Stocking your pantry: Essentials for the diabetic home kitchen
Stocking your kitchen with diabetic-friendly foods isn't just good for the convenience factor - it's essential for helping you to create healthy habits and make good dietary decisions on a daily basis so you're not led astray by cravings.
And with so many low-glycemic and made-for-diabetic type foods available these days, it's easier than ever to eat well. However, it all comes back to basics.
Foods to Keep in Your Kitchen
Proteins. For diabetics, lean protein is king. These types of proteins (lean turkey, skinless chicken, and many types of fish) are chock-full of amino acids, are lower in calories and fat than other types of meat, and will help keep you full. Most importantly, they'll help stabilize your blood sugar and prevent carbohydrate cravings.
Vegetables. Luckily for diabetics, you can pretty much consider vegetables a "freebie" on your diet plan: eat as much as you want, as long as you're not loading up too heavily on starchy, root vegetables like potatoes or squash. Stick with veggies like spinach, broccoli, mushrooms, snap peas, cabbage, green beans, and collard greens.
Low-glycemic fruit. Fruit isn't totally off limits for diabetics, but you should be more picky about which fruits you eat. While fruits contain natural sugars, they're still sugars. Berries are the top pick, followed by things like oranges, tangerines, peaches, melon, grapes, or plums. Try to avoid tropical fruits like mango or pineapple, as they tend to be higher in sugar.

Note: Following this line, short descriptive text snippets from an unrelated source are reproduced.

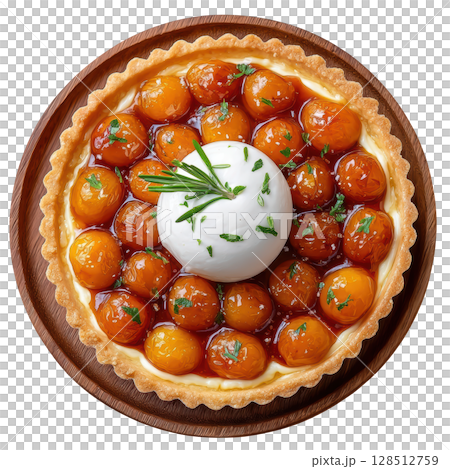Apricot and Rosemary Tart with Roasted Apricots in Glaze on Crisp Pastry Base Topped with Mascarpone and Rosemary 128512759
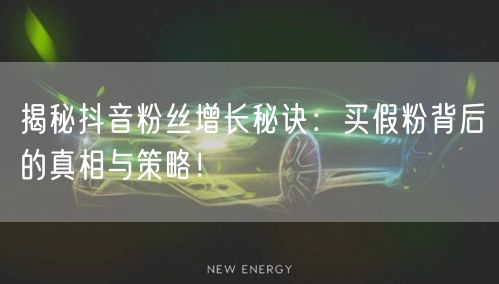 揭秘抖音粉丝增长秘诀：买假粉背后的真相与策略！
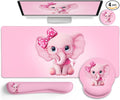 LIMKRIAN Elephant Mouse Pad Desk Mat Set, Kawaii Gaming Ergonomic Mouse Pad with Wrist Support Wrist Rest for Computer Keyboard Cup Coaster, Cute Pink Elephant Office Supplies Desk Decor Accessories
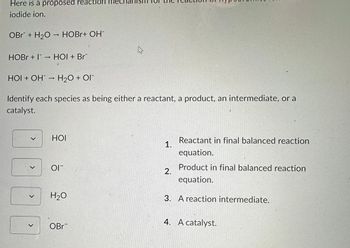 Here is a proposed reaction mechal
iodide ion.
OBr + H₂O → HOBr+ OH-
HOBr + I→ HOI + Br
HOI + OH → H₂O + Ol
Identify each species as being either a reactant, a product, an intermediate, or a
catalyst.
HOI
OI
H₂O
✩
OBr
1.
Reactant in final balanced reaction
equation.
Product in final balanced reaction
equation.
3. A reaction intermediate.
2.
4. A catalyst.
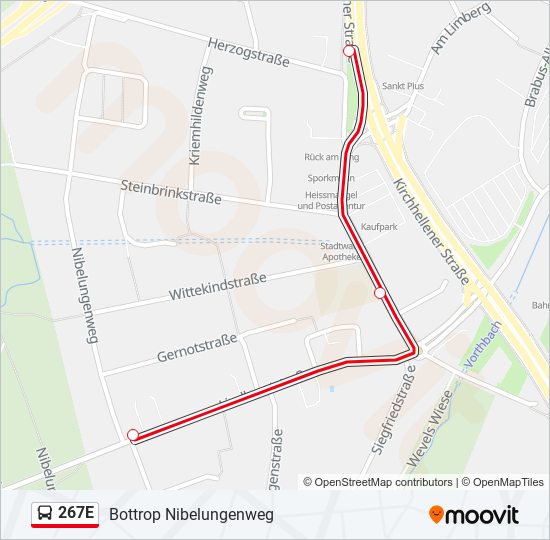 267E bus Line Map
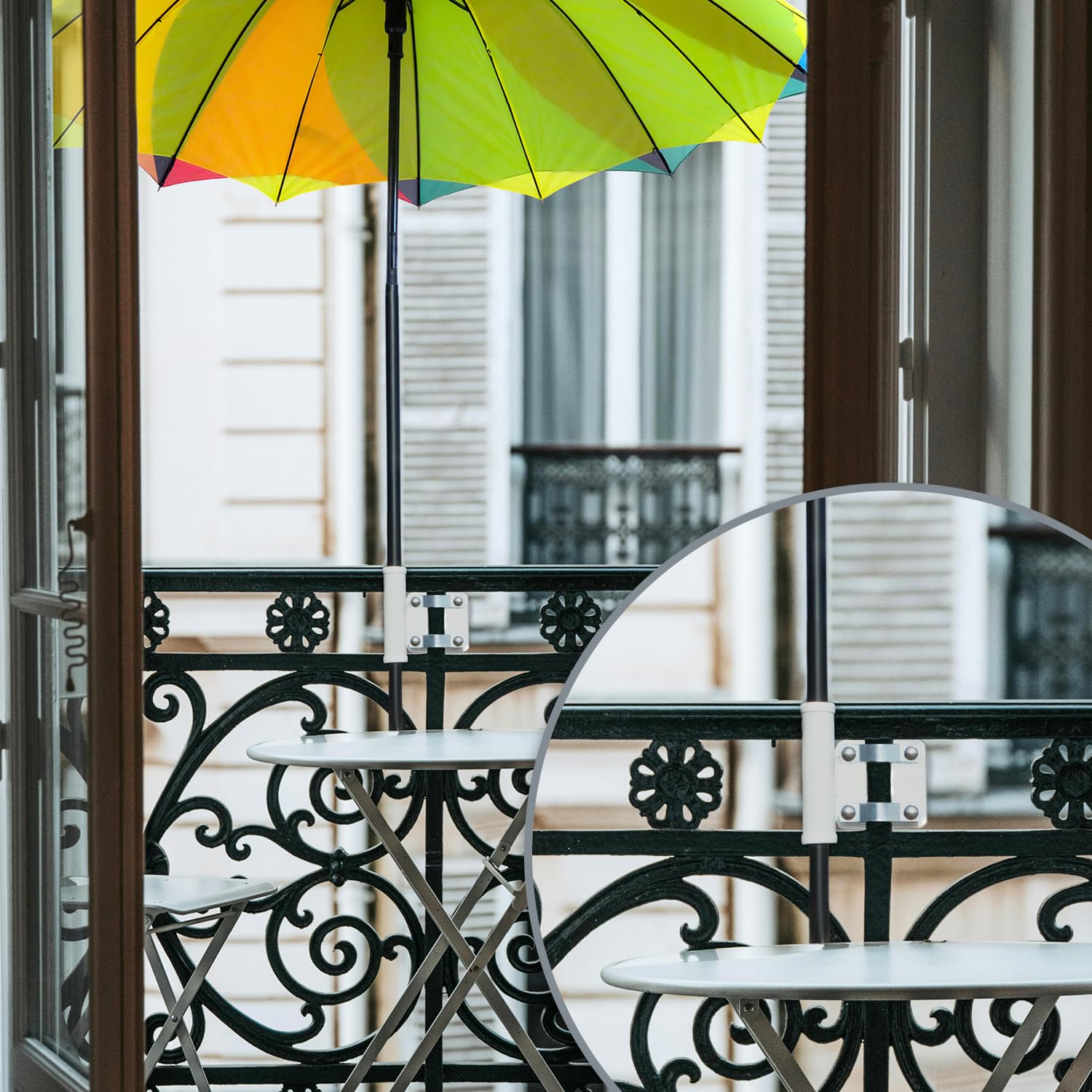 COM-FOUR® Uchwyt na parasol do balustrad balkonowych, Uchwyt na parasol | grubosc panelu do 30 mm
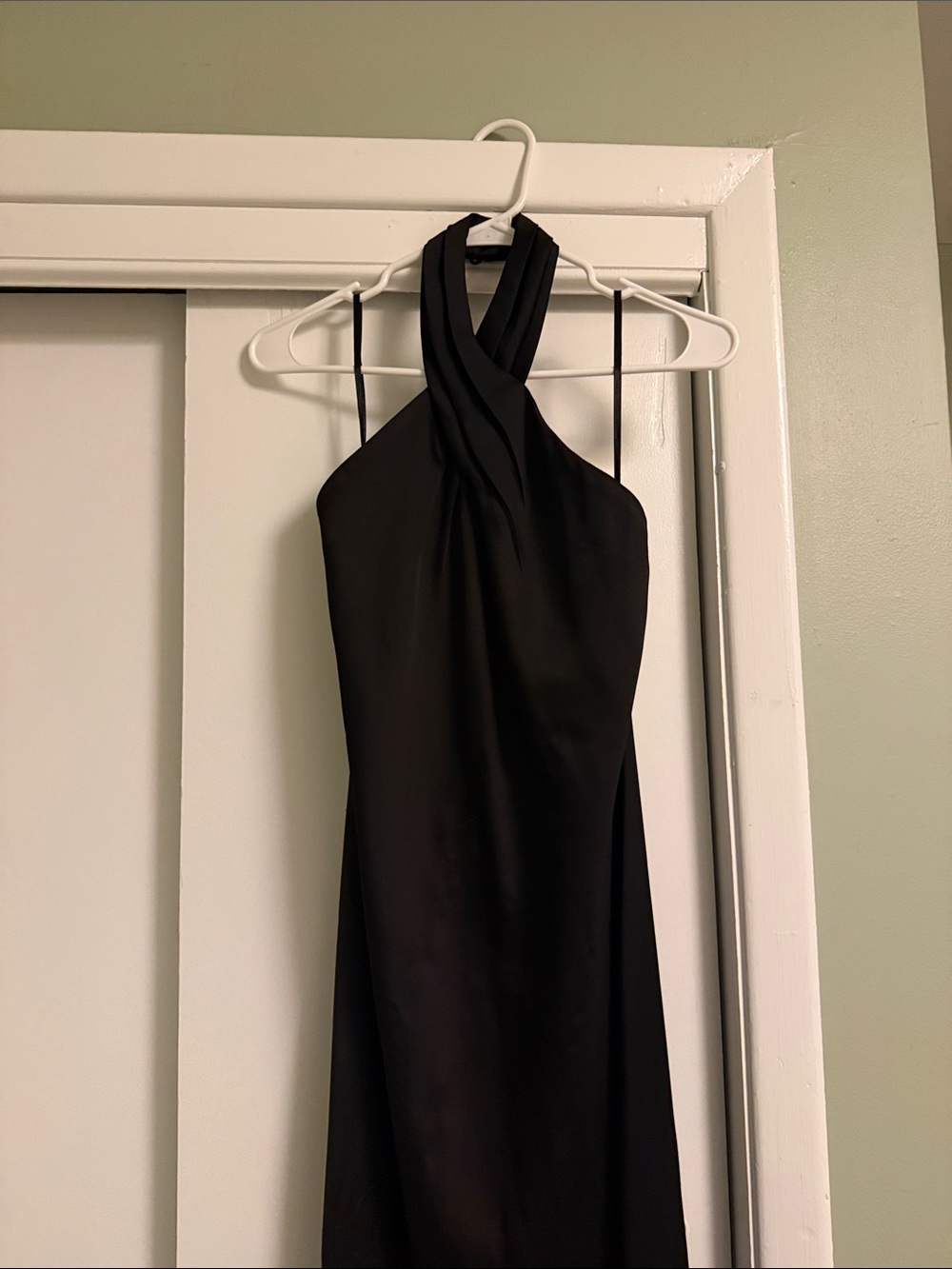 BHLDN Black One-Shoulder Twist Halter Dress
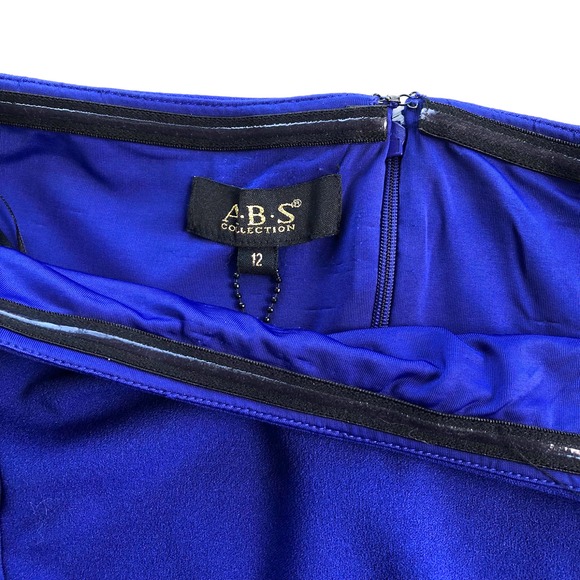 ABS Allen‎ Schwartz Off-Shoulder Capri Blue Cocktail Dress Bell Sleeves 12 - Picture 9 of 16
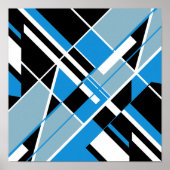 Blue Teal White Black Diagonal Crisscross Design ポスター (正面)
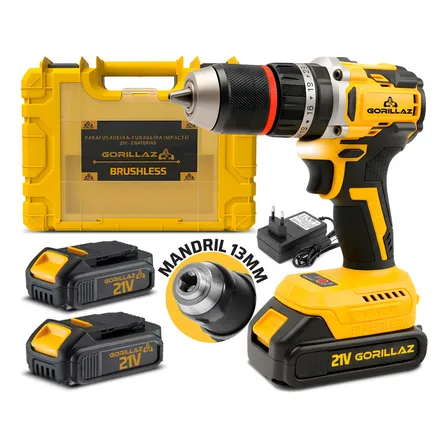 Furadeira Parafusadeira Impacto Brushless 21v 2 Baterias Gorillaz Amarelo 127/220v 50/60 Hz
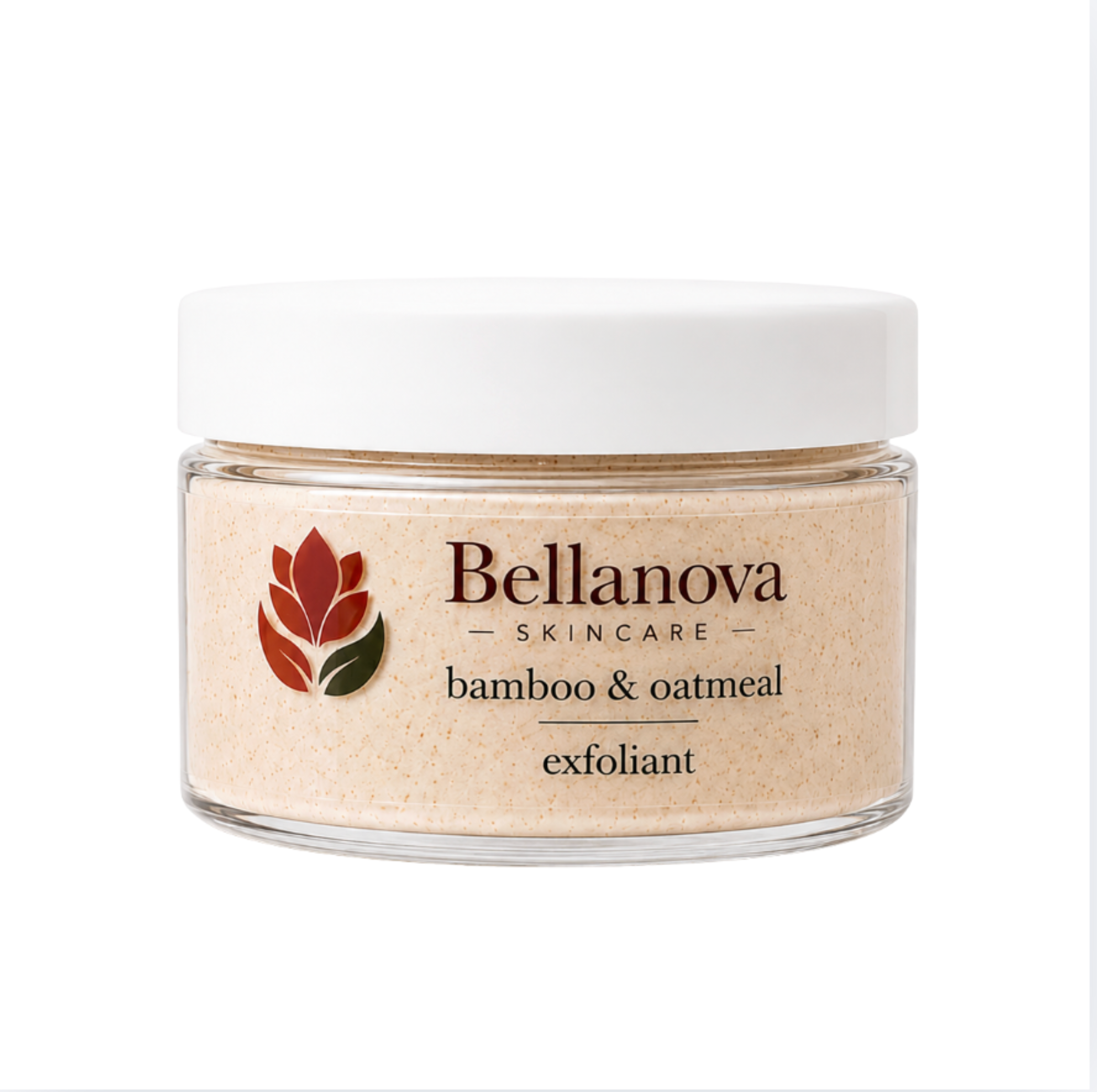 Jar of Bellanova Skincare bamboo & oatmeal exfoliant on a white background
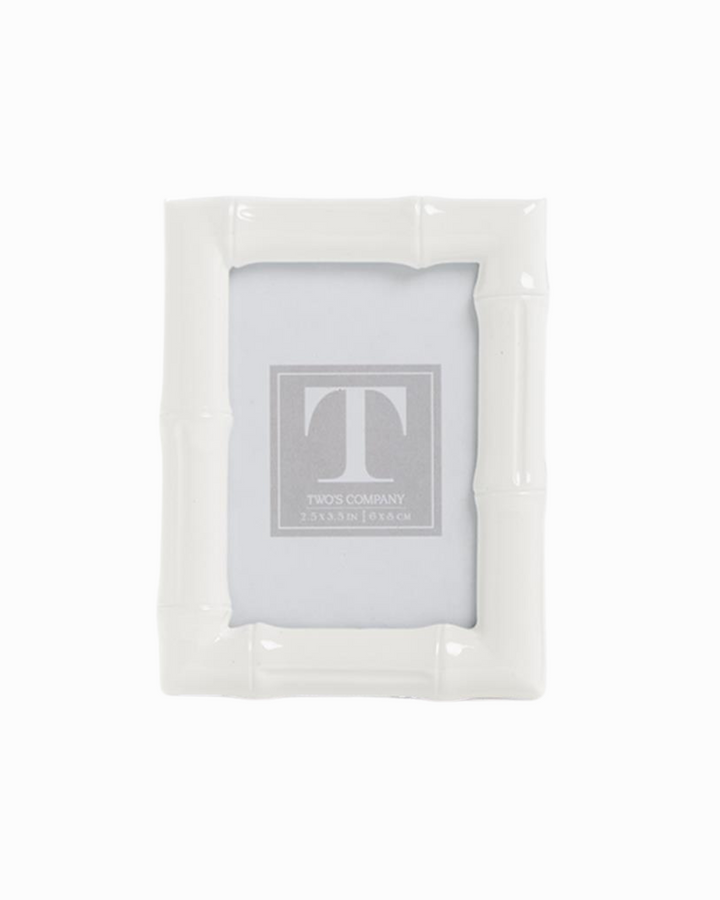 White Faux Bamboo Photo Frame
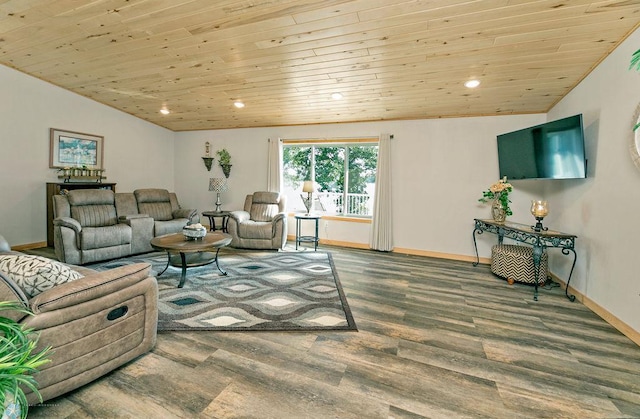 living room with hardwood / wood-style floors, vaulted ceiling, and wooden ceiling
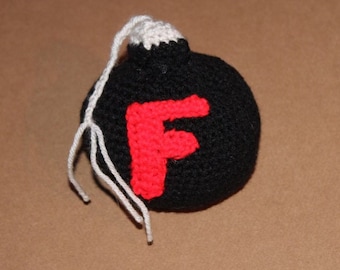 F bomb - crocheted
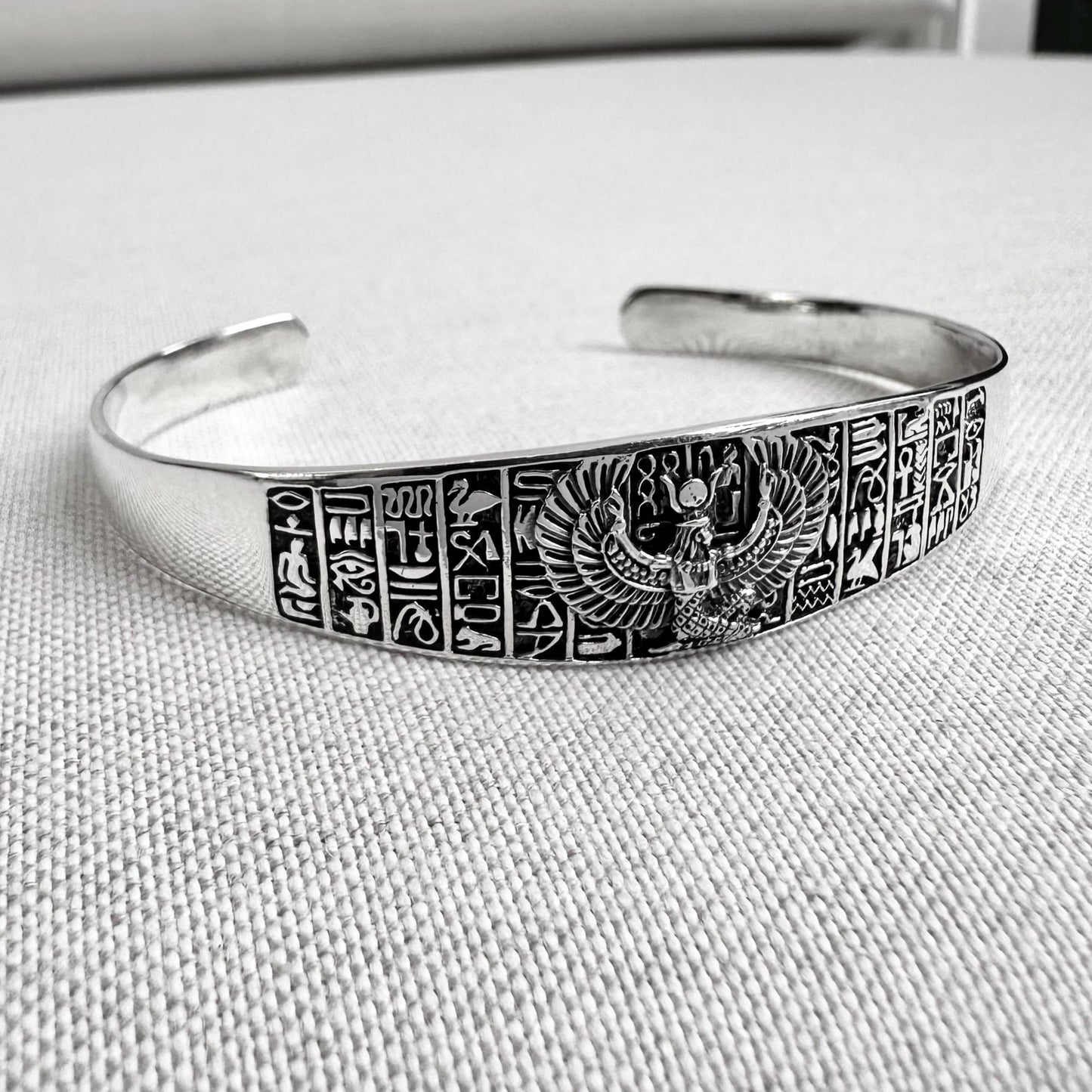 Isis Egyptian Goddess Deity Aset Cuff Bracelet
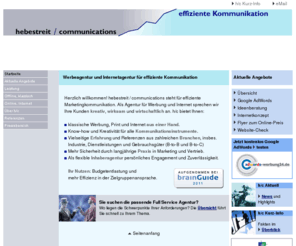 hebestreit.com: hebestreit / communications - Werbeagentur Internetagentur Dsseldorf effiziente Kommunikation
Mit hebestreit / communications sprechen Sie durch effiziente Marketingkommunikation wirkungsvoll und wirtschaflich Ihre Kunden an.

Dairy. Dairy products, provided they are low-fat, are a good compliment to your diet, especially since many offer a decent dose of protein. Stock up on fat-free or low-fat Greek yogurt, skim-milk cheeses, or low-fat cheeses like Baby Bell or Laughing Cow.
Fiber. Many diabetics may opt to take a fiber supplement, like Metamucil, but you can also get enough fiber in your diet. Whole grains contain fiber, as do vegetables, beans, and many types of protein bars, like Quest Bars. Fiber will help stabilize your blood sugar, keep you "regular" and prevent hunger pangs.
Condiments. When buying condiments, check labels to make sure they're low in sugar, sodium and fat. Opt for reduced-sugar jams and jellies, extra-virgin olive oil or cooking spray for cooking, and low-fat or fat-free salad dressings.
Sugar substitutes. If you're a baker, make sure to stock up on some sugar substitutes for your diabetic kitchen. Natural versions like stevia and erythritol are well-tolerated by most people, and they are widely available in grocery stores across the country.